Speech-to-Text & Text-to-Speech
What vendors mean: voice in, voice out. What it actually means: two technologies that quietly got ten times better in two years and changed what's possible in customer-facing AI.
The Technical Definition
Speech-to-Text (STT, also called automatic speech recognition or ASR) converts audio into written text. Text-to-Speech (TTS) does the reverse: written text is rendered as audio in a synthetic voice. Both fields were dominated for two decades by a handful of providers (Nuance, Google, Microsoft) producing acceptable-but-robotic results. The 2022-2026 wave reset the category. OpenAI’s Whisper, Deepgram, AssemblyAI, and Speechmatics moved STT to near-human accuracy on clean audio in dozens of languages. ElevenLabs, OpenAI’s TTS models, and Cartesia produced synthetic voices that pass the casual listening test.
What This Actually Means for Your Business
The combination of high-quality STT and TTS is the reason voice AI agents are actually shipping in 2026 instead of being a perpetual demo. Five years ago, every voice deployment had to apologize for the technology. The synthetic voice sounded synthetic. The transcription got names and product SKUs wrong. The latency between speech ending and response starting was uncomfortable. None of those constraints fully apply now.
For STT, the practical change is multilingual coverage and accuracy on real-world audio. Whisper-class models handle accents, code-switching, and background noise far better than the previous generation. Real-time STT (sub-300ms latency) is now standard. Specialized vocabulary — medical terminology, legal terms, product names — still needs custom acoustic modeling or post-correction with an LLM, but the gap is narrower.
For TTS, the change is voice cloning and emotional control. A 30-second sample is enough to clone a voice well enough that most humans can’t reliably tell the difference in a casual conversation. Voice can be steered for tone, pacing, and emotion. This is good news for accessibility, customer service, and audio content production. It is also the technology underneath a fast-growing class of fraud (CFO impersonation calls, voice-cloned authorization scams) that already cost real companies real money in 2024-2026.
The cost has collapsed. STT that used to cost $0.05 per minute now runs $0.005-0.015 in commodity providers and is approaching free in self-hosted Whisper deployments. TTS that used to require enterprise contracts is now metered per character at low single-digit dollars per million characters. This pricing is the reason voice AI agents can be unit-economic in customer service applications that were prohibitive two years ago.

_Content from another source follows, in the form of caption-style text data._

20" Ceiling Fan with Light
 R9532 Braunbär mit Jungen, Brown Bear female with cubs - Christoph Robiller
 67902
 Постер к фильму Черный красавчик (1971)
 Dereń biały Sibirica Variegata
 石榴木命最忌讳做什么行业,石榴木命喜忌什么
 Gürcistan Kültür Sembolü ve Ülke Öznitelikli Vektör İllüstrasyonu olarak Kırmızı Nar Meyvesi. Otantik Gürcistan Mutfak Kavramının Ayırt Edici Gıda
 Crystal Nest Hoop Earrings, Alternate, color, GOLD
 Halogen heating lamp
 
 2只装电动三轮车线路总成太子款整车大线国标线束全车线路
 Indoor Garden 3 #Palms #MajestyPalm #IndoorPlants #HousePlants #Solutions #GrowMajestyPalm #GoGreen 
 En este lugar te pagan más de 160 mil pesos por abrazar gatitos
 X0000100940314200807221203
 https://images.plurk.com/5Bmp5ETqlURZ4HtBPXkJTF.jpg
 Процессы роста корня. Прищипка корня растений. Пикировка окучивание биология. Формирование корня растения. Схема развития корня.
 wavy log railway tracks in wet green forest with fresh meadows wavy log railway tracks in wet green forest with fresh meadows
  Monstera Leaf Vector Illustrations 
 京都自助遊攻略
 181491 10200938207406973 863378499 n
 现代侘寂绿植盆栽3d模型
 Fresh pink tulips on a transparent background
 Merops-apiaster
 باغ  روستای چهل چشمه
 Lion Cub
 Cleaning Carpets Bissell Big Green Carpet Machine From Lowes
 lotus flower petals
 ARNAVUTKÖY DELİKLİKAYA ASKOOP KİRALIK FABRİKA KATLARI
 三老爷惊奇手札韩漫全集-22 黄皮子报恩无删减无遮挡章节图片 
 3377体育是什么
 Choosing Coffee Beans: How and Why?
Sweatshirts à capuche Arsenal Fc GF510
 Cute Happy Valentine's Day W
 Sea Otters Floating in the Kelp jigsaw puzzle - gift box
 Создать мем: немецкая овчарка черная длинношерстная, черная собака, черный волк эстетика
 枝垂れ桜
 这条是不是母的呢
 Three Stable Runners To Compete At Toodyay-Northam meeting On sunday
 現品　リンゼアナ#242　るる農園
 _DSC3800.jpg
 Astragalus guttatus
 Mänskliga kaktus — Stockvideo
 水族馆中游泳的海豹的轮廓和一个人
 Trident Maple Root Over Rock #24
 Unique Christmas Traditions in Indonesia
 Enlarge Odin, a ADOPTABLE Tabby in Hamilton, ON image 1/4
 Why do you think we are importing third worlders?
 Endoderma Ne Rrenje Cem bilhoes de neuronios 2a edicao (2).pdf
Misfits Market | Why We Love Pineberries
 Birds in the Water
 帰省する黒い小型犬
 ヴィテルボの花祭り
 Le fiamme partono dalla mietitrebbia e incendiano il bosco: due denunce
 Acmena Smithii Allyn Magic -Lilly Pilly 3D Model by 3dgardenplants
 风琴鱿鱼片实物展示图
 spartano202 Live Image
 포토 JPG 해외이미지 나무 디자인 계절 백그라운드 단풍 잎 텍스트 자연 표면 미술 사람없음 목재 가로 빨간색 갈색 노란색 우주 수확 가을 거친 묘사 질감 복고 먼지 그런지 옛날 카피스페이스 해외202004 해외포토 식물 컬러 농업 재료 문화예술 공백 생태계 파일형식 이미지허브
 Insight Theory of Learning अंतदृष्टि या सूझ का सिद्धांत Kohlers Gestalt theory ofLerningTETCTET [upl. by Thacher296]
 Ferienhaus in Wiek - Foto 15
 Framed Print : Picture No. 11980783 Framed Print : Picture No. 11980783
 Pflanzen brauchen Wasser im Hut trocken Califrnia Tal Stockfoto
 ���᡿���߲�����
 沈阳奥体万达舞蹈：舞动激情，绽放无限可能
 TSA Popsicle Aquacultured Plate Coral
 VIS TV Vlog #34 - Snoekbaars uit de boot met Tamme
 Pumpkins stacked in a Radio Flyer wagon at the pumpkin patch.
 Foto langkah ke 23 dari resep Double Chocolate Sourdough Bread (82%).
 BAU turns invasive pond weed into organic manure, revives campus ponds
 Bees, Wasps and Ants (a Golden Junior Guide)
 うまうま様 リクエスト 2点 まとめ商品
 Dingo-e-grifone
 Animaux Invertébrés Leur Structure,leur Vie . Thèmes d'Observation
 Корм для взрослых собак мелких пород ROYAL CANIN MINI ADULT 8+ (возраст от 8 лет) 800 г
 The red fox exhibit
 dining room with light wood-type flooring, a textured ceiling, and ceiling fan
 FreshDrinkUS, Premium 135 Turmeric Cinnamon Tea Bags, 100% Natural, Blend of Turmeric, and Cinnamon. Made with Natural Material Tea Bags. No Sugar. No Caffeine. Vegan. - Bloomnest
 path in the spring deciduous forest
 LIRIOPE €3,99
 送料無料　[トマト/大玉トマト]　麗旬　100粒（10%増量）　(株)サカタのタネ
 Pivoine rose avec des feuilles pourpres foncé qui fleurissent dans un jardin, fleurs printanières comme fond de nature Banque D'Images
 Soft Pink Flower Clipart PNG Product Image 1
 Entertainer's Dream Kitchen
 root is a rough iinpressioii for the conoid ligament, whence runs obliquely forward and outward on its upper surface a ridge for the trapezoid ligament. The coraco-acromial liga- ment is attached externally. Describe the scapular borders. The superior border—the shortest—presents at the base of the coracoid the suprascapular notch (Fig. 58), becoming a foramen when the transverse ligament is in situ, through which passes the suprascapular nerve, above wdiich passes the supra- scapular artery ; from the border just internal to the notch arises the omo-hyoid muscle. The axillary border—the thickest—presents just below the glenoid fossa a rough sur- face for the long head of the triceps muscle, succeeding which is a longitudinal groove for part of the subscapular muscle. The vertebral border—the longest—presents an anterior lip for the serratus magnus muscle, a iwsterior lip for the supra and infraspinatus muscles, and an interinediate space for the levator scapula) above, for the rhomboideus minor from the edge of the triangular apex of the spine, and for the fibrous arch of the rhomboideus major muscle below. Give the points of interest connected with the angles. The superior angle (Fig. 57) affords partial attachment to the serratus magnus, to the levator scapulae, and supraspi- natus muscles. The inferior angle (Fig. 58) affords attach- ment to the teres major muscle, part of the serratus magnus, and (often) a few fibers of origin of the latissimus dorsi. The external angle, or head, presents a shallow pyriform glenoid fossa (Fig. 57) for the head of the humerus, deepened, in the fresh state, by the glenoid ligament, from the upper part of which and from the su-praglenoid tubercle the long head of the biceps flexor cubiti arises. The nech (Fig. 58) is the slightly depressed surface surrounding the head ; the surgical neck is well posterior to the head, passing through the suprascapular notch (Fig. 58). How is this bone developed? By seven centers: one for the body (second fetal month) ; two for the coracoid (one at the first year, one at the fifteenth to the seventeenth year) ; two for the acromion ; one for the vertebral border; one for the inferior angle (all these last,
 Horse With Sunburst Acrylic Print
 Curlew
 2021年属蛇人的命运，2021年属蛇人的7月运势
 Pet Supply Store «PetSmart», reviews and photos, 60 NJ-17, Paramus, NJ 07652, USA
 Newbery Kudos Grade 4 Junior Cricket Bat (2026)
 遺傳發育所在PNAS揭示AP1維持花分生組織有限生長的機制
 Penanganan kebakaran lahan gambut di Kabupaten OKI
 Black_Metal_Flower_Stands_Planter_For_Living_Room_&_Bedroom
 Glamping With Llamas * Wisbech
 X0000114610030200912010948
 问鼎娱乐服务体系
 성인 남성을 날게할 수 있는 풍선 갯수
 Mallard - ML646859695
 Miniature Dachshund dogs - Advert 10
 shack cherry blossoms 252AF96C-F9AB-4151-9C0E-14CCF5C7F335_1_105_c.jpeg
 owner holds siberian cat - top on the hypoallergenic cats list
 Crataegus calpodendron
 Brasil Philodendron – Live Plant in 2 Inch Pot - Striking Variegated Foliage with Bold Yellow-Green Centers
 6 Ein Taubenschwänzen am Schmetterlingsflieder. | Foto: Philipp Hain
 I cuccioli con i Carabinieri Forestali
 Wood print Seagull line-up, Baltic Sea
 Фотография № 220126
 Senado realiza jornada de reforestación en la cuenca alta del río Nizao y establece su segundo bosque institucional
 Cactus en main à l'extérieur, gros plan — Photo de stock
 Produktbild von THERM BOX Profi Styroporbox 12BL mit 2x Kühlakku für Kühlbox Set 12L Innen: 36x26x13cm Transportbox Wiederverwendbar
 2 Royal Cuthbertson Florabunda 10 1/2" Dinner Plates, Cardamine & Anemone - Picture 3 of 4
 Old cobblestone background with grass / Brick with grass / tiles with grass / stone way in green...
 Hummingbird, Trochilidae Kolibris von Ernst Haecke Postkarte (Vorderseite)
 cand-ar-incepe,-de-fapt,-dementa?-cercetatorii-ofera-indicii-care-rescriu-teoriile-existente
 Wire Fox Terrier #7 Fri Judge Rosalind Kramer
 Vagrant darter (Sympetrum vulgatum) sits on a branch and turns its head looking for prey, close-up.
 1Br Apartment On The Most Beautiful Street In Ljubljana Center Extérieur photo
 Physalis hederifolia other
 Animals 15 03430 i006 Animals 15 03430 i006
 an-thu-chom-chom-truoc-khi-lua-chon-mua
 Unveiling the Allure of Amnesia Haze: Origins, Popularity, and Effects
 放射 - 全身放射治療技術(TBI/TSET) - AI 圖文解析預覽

The thing that hasn’t changed: failure modes are still expensive. An STT mistake on a customer’s account number means the agent looks up the wrong account. A TTS misreading of an unusual product name reads “RX-2400” as “are-ex-twenty-four-hundred” and confuses the caller. Production voice systems still need test suites, glossaries, and fallback paths. The quality bar is much higher because the technology is much better, not in spite of it.
Reality Check
What the vendor says: “Our voice AI is indistinguishable from a human.”
What that means in practice: It’s indistinguishable on a 20-second demo with a script the vendor chose. On a 4-minute call where a customer goes off-script, asks a follow-up the bot wasn’t trained for, or speaks with a strong regional accent, the gap shows up. Test with your actual call types and your actual customer base before you decide.
What Operators Actually Do
Companies running voice in production benchmark on their actual call recordings, not vendor demos. They take 100 calls representing their real customer base — including the calls with the heaviest accents, the most background noise, and the most specialized vocabulary — and measure word error rate per provider. The numbers usually surprise the procurement team.
They also build a domain glossary. Product names, customer-specific terms, drug names, account number formats — these are the words STT gets wrong, and the fix is usually a custom vocabulary list or a post-processing step that runs the transcript through an LLM with context. Skipping this step is the difference between 92% accuracy and 98% accuracy on the calls that matter.
For TTS, the operators who get this right pay attention to brand voice. The default voices from the major providers all sound like the same kind of pleasant-but-generic American radio voice. A bank, a healthcare provider, and a retail brand should not sound identical. Voice selection and pronunciation tuning are part of the brand work, not just a technical procurement.
The Questions to Ask
-
What’s the word error rate on call recordings that look like ours? Word error rate (WER) is the standard metric. Insist on a real test on real audio. Vendor numbers on broadcast English are not the right benchmark.
-
How are domain-specific terms handled? Product names, drug names, customer-specific vocabulary. There needs to be a documented mechanism for adding terms — either custom vocabulary, fine-tuning, or LLM post-correction.
-
What’s the latency from end-of-speech to first audio out? For real-time voice agents, total latency above ~700ms feels broken. Below 300ms feels natural. Get the actual measured number on your network, not the vendor’s data center.